:: DATA SEGMENT ::

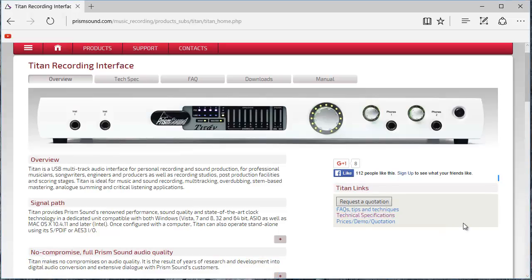Hi, I'm Steve Penn from Prism Sound. This is part of a series of quick start guides and this one concentrates on the Titan control panel software.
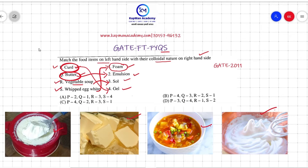Looking at the correct answer in the options: curd matches to option four, so P4. Butter matches to Q2. Vegetable soup matches to solution which is R3, correct in option C. Whipped egg white matches to foam which is S1.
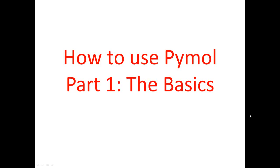Hello everyone, this is Scyther88 back with another video. Today we'll be discussing one of the most commonly used programs in molecular biology, PyMOL.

:::

THE TASK: Provide a precise transcription of the listing, excluding each picture.

EXPECTED ANSWER:
Hi, I'm Steve Penn from Prism Sound. This is part of a series of quick start guides and this one concentrates on the Titan control panel software.
Looking at the correct answer in the options: curd matches to option four, so P4. Butter matches to Q2. Vegetable soup matches to solution which is R3, correct in option C. Whipped egg white matches to foam which is S1.
Hello everyone, this is Scyther88 back with another video. Today we'll be discussing one of the most commonly used programs in molecular biology, PyMOL.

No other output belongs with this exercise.